Monday, February 9, 2009

Passing of Time

It's hard to write here. It's hard to think clearly, even. In spite of the pervasiveness of the figures of my present--husband, children, dogs--when I am up late at night by myself in this house, the only one awake in the household, the years run together, are fluid, and I might as well be eighteen, twenty, twelve.

A little while ago I took the dogs outside. It is much warmer than it has been, but it was still cold--the best kind of cold, in which an inhaled breath feels clean and your hands don't freeze without gloves. I walked across the patio, down the stone steps and onto the driveway, covered with sand over ice.  I found myself thinking about how when you grow up walking on ice, you know how to walk on ice, don't fall. And then, as the dogs romped in the snow, I looked up.

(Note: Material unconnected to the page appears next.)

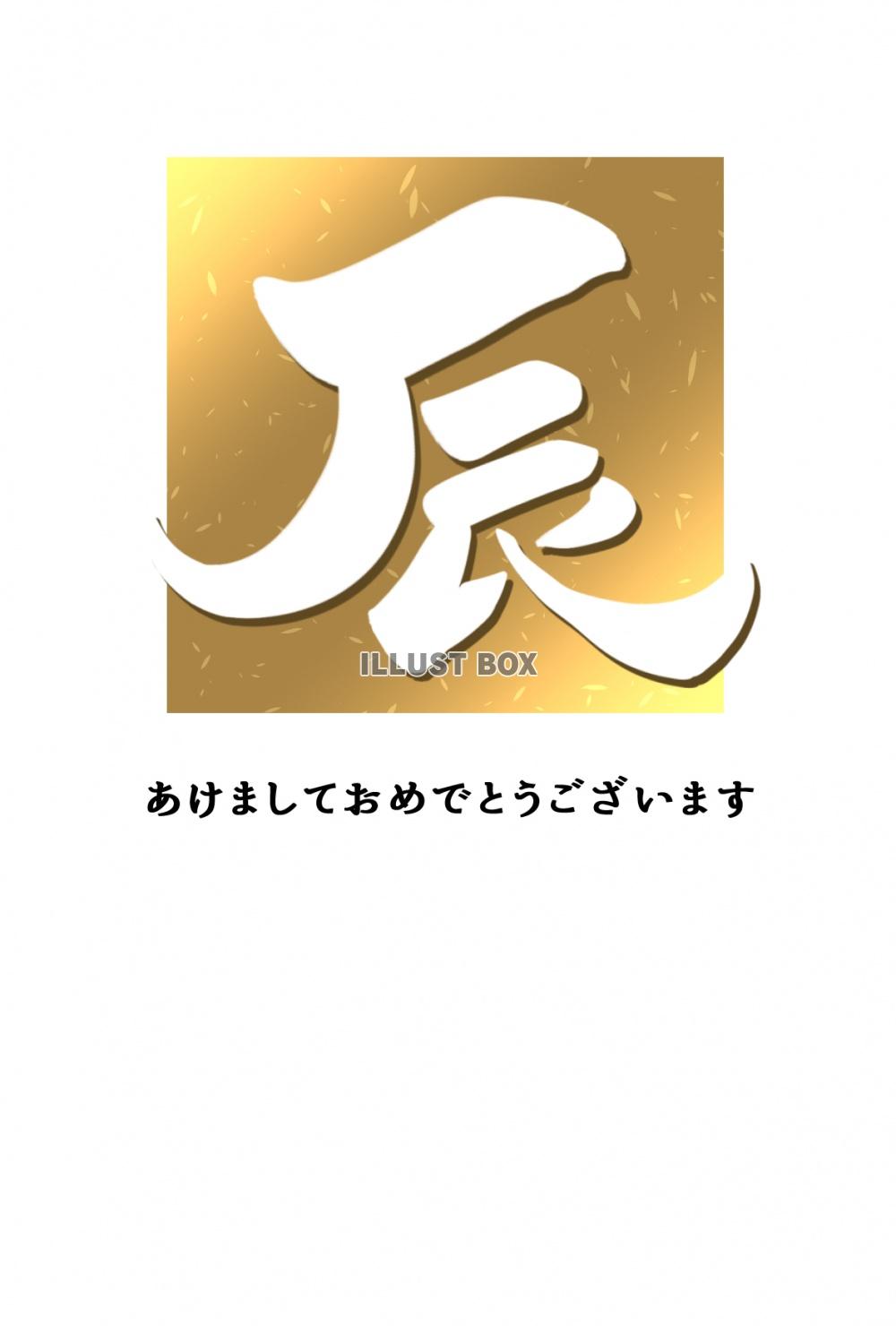 筆文字の辰の豪華な年賀状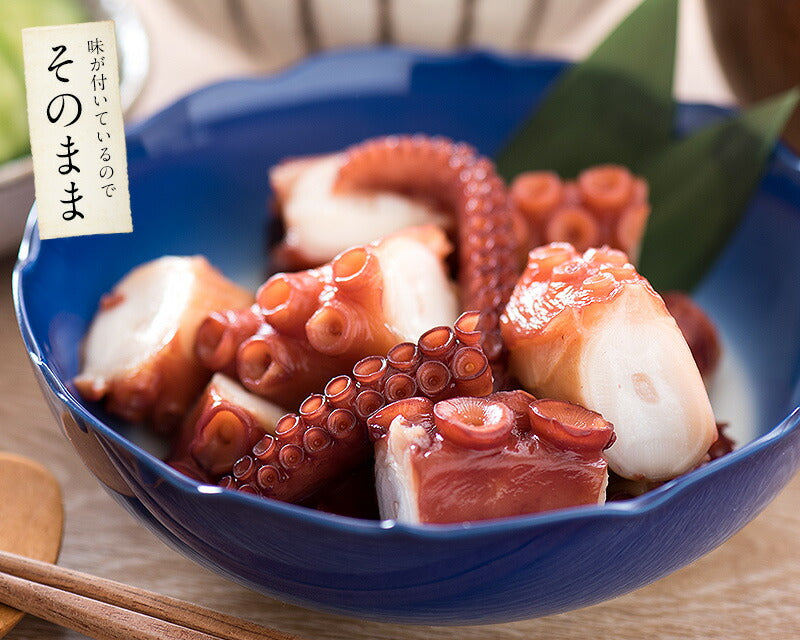 たこ 柔らか煮 900g（300g×3袋）醤油味 北海道産 タコ足 たこの柔らか煮 タコ たこ足 たこ煮 蛸の柔らか煮 おかず 美味しい 贈り物 おつまみ お取り寄せグルメ 健康 子供 ギフト プレゼント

The sky was black and lit up with stars, framed by the trees, the same trees that have framed the same stars for as long as my parents have lived in this house. That patch of sky, the same patch gazed up at all those summer afternoons I lay on the lawn, the same patch taken in on so many other winter nights.

And I just stood there, letting the dogs prance in the cold, clean air, looking up, looking at the stars, thinking about my grandmother, who is now just 93, and about this house, and how it never changes, and about how I do and don't, and about the way it feels to be the right kind of cold alone, outdoors, on a clear winter night.

2 comments:

Anonymous said...

It sounds as though you are missing the sight of the trees and sky and clear air.

J and D said...

I often think the same thing about trees in my parents yard or when I driving at night down the main streets. The sky and the trees truly do evoke? a feeling of safety and feeling young and familiar. You were able to word how I often feel.